#### WHAT YOU ARE ASKED TO DO:
The string "House" appears in some lines of the entries that follow; copy each such line.

#### RECORDS SHOWN:
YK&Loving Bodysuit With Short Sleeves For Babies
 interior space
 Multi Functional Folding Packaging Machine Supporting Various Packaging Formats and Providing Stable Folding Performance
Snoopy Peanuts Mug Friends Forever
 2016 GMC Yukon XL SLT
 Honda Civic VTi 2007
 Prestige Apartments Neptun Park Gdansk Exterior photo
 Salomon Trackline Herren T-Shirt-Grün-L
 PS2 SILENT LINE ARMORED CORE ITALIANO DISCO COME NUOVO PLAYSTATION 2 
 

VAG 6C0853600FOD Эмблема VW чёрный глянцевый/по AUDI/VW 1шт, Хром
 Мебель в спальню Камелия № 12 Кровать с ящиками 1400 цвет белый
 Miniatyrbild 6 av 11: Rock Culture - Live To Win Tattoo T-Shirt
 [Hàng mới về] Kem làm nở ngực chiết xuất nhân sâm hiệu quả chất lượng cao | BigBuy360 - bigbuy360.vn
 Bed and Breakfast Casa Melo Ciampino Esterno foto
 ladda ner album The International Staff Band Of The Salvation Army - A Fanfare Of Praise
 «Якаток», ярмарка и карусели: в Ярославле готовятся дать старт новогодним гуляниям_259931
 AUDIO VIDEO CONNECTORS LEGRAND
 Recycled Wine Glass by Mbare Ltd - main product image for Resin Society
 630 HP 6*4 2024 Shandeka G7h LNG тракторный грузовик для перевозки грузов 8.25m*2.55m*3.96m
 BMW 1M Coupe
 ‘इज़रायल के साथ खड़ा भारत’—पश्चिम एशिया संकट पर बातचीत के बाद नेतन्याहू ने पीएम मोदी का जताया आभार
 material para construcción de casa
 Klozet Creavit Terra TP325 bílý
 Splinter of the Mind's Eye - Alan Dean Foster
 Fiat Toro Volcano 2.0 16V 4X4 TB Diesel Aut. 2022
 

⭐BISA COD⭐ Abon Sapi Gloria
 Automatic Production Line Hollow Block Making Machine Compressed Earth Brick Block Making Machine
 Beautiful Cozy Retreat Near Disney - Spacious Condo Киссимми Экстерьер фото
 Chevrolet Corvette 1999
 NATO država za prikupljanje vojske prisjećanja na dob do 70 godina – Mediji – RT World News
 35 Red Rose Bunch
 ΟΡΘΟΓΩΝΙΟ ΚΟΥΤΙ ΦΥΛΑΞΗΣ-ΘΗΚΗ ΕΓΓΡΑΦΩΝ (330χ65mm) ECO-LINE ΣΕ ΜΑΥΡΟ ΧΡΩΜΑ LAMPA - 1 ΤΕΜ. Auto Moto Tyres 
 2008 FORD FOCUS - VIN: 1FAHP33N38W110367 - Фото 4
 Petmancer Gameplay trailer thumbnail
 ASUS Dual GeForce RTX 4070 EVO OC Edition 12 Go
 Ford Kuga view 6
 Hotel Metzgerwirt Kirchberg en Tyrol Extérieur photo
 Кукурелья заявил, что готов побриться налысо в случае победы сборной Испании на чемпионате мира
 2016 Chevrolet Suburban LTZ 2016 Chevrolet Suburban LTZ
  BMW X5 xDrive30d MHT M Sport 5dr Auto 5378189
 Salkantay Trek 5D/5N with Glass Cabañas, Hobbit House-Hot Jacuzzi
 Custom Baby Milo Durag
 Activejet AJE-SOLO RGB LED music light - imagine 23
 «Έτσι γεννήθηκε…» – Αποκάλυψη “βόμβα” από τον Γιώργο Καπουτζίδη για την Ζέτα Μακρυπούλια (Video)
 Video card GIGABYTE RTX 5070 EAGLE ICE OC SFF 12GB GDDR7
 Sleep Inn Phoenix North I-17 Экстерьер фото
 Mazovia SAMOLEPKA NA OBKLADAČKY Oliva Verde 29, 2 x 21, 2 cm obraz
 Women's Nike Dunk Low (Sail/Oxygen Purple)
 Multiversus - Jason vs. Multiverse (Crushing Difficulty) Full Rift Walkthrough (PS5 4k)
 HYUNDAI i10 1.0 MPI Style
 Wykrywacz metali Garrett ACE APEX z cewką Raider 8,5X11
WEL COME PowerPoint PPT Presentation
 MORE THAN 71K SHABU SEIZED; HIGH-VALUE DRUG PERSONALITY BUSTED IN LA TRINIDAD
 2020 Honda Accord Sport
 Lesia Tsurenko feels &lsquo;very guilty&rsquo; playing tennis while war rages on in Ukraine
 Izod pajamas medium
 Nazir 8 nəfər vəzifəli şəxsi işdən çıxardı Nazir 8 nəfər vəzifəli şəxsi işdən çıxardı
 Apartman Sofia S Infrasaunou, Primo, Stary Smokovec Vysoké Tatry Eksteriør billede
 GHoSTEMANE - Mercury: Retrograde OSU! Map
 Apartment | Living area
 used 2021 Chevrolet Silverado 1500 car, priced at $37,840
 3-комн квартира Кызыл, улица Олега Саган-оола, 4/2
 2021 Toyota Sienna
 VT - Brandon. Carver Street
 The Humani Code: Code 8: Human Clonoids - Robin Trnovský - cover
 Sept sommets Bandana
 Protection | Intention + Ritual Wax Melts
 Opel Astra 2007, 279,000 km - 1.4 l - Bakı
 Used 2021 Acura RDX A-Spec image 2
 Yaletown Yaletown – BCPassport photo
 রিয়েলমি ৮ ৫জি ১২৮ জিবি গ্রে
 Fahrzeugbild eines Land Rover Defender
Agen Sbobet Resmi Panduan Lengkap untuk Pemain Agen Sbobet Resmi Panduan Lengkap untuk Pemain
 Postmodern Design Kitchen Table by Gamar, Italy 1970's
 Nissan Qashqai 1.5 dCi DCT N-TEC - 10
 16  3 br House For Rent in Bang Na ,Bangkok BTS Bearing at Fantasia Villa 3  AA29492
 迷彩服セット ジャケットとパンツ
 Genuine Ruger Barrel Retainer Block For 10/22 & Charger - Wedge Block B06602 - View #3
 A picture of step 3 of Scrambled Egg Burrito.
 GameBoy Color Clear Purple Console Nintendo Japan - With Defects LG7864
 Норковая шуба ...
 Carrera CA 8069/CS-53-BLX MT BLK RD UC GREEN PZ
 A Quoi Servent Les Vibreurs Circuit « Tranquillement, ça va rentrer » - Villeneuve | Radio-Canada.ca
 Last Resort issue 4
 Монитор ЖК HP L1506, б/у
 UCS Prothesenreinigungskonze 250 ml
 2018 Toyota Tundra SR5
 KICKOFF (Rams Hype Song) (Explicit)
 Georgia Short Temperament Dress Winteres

#### COMPLETED EXERCISE:
 Salkantay Trek 5D/5N with Glass Cabañas, Hobbit House-Hot Jacuzzi
 16  3 br House For Rent in Bang Na ,Bangkok BTS Bearing at Fantasia Villa 3  AA29492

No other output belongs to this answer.